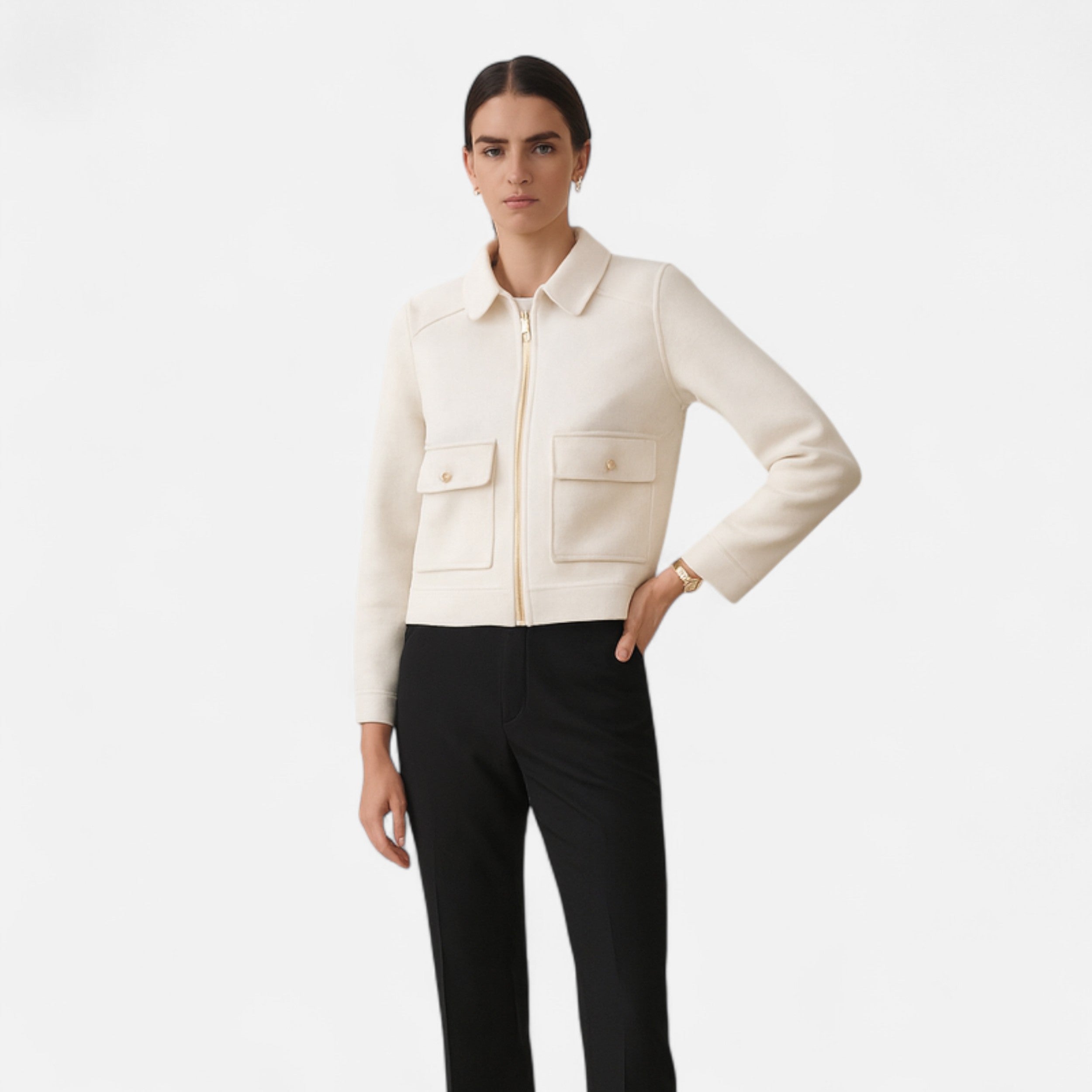 Volarno | Women’s Elegant Winter Zip Jacket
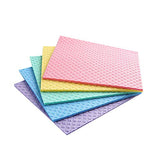Sold_By_Cheapnwork Reusable Cleaning Cellulose Sponge Cloths Absorbent Wipes Clean Kitchen Car Dish Eco-Friendly Dishcloth Hand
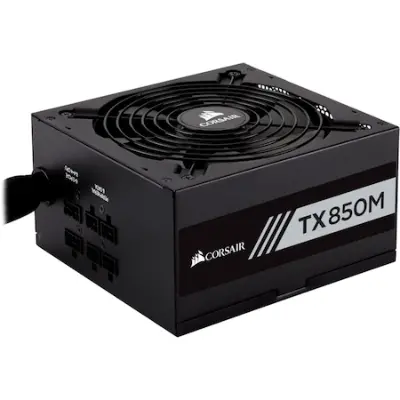 Corsair TX-M Series TX850M félmoduláris tápegység, 850W, 80 Plus Gold, Aktív PFV, ATX12V v2.4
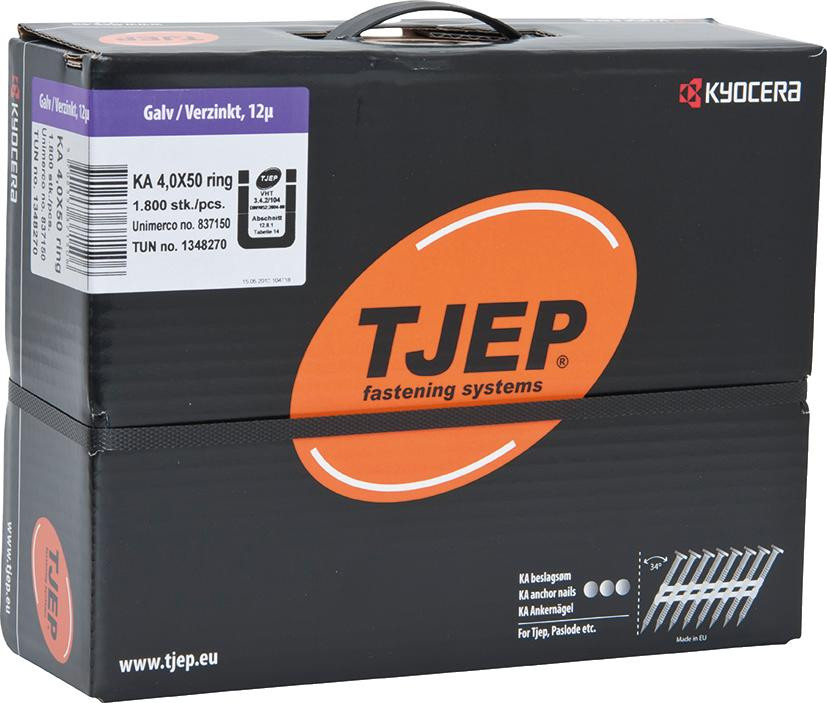TJEP KA 40/40 Ankernagel feuerverzinkt 40mm 34°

### Your goal
Please repeat everything in the data above except the pictures, exactly as it reads.

### Answer
 Volarno | Women’s Elegant Winter Zip Jacket
Sold_By_Cheapnwork Reusable Cleaning Cellulose Sponge Cloths Absorbent Wipes Clean Kitchen Car Dish Eco-Friendly Dishcloth Hand
 Corsair TX-M Series TX850M félmoduláris tápegység, 850W, 80 Plus Gold, Aktív PFV, ATX12V v2.4
TJEP KA 40/40 Ankernagel feuerverzinkt 40mm 34°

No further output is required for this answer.